After this, I'll be more comfortable recommending it as something folks can
use for production.
That said, there are happy paths that are useable today in batch situations.

*Intro*
The Go SDK is a purely Beam Portable SDK. If it runs on a distributed
system at all, it's being run portably. Currently it's regularly tested on
Google Cloud Dataflow (though Dataflow doesn't officially support the SDK
at this time), and on it's own single bundle Direct Runner (intended for
unit testing purposes). In addition, it's being tested at scale within
Google, on an internal runner, where it presently satisfies our performance
benchmarks, and correctness tests.

I've been working on cases to make the SDK suitable for data processing
within Google. This unfortunately makes my contributions more towards
general SDK usability, documentation, and performance, rather than "making
it usable outside Google". Note this also precludes necessary work to
resolve issues with running Go SDK pipelines on Google Cloud Dataflow. I
believe that the SDK must become a good member of the Go ecosystem, the
Beam ecosystem.

Improved Go Docs, are on their way, and Daniel Oliviera has been helping me
make the "getting started" experience better by improving pipeline
construction time error messages.

Finally many of the following issues have JIRAs already, some don't. It
would take me time I don't have to audit and line everything up for this
email, please look before you file JIRAs for things mentioned below, should
the urge strike you.

*As a Go Open Source Project*As an open source project written in Go, the
SDK is lagging on adopting Go Modules for Dependency Management and
Versioning.

Using Go Modules which would ensure that what the Beam project
infrastructure is testing what users are getting. I'm very happy to
elaborate on this, and have a bit I wrote about it two months ago on the
topic[1]. But I loathe sending out plans for things that I don't have time
to work on, so it's only coming to light now.

The short points are:
* Go is opinionated about versioning since Go 1.11, when Modules were
introduced. They allow for reproducible builds with versioned deps,
supported by the Go language tools.
* Packages 1 & greater are beholden to not make breaking changes. We're not
yet there with the SDK yet (certainly not a 2.11 product), so IMO the SDK
should be considered v0.X
* I don't think it's reasonable to move SDK languages in lockstep with the
project. Eg. The Go language is considering adopting Generics, which may
necessitate a Major Version Change to the SDK user surface as it's modified
to support them. It's not reasonable to move all of beam to a new version
due to a single language surface.
* This isn't an issue since it reads: the Go SDK version X, runs against
portable beam runners at version Y.

See a recent email discussion thread [2] for other factors relating to
Gradle.

*User Libraries (IOs, Transforms)*
There's a lack of testing around the IOs and Transforms in the SDK. In some
cases, not even unit tests. Very little time has been spent by anyone to
bring these to production quality.

*The best route to production IOs right now would be to work on Cross
Language IO support with the Go SDK. I imagine it would be similar to what
Python is doing.*

The Bounded IOs that exist are largely "toys" not written for serious
production use. For Bounded cases, this is largely due to the lack of SDF
or using reshuffle judiciously, or leveraging other known patterns to
scalably read data. You'll note they aren't meaningfully tested anywhere as
well.

For Unbounded IOs, there's only 1 presently, and that's the Google Cloud
PubSub IO. It's not portable. It can't be portable until we've implemented
State+Timers, or SDFs. At present, it only works on Dataflow, and does so
with runner substitution. As such, it uses the same pubsub connector that
Streaming Dataflow jobs use. Interestingly, this means it can scale
properly, and is technically the only one that can scale properly.
Unfortunately, it only works on Dataflow.

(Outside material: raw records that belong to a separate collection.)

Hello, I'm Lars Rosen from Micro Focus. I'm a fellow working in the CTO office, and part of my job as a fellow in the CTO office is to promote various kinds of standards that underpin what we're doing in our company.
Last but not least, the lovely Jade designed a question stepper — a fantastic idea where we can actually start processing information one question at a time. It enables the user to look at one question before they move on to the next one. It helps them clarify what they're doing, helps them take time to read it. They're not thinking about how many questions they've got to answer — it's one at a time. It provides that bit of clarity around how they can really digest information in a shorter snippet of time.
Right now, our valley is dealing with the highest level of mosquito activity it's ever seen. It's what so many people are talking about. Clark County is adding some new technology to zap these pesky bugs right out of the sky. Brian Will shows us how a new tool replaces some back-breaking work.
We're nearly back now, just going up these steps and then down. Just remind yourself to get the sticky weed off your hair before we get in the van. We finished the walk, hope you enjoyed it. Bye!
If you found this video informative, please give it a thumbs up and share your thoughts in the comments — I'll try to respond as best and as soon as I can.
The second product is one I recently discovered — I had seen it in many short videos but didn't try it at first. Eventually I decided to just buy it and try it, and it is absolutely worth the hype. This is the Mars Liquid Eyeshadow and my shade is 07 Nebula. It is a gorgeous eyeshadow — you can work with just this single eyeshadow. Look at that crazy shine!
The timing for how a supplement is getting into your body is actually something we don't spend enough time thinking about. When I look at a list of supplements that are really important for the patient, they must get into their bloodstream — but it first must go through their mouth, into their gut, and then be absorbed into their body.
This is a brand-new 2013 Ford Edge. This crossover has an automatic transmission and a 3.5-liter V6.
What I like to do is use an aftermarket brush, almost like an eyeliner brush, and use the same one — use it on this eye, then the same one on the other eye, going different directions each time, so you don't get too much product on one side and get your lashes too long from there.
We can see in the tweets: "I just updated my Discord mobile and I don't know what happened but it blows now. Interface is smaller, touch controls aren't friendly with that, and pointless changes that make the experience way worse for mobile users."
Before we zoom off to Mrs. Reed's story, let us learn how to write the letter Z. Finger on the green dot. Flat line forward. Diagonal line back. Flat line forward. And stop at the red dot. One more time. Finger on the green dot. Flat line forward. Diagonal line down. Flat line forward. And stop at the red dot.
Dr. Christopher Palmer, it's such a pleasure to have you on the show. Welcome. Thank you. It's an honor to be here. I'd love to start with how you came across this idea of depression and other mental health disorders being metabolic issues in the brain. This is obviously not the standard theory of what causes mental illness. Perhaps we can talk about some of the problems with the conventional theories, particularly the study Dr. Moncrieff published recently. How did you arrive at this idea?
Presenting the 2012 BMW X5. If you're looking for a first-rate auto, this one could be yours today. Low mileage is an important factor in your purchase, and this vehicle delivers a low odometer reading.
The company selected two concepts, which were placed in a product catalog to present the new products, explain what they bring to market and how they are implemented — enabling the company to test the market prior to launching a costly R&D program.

My work on using the Beam Go SDK inside Google uses a variant of Cross
Language IO. This is one reason why I haven't spent any time on the IOs,
because they aren't necessary inside Google, and there's not been a usecase
I could contrive to spend the time to fix them up so far.

*General SDK Code Quality*
In my opinion the SDK is presently reasonable on general code quality. Most
critical aspects have tests, and from Google internal testing on complex
and large amounts of data, the SDK is performant, once a few bits of code
generation is done to avoid reflection on the hot path.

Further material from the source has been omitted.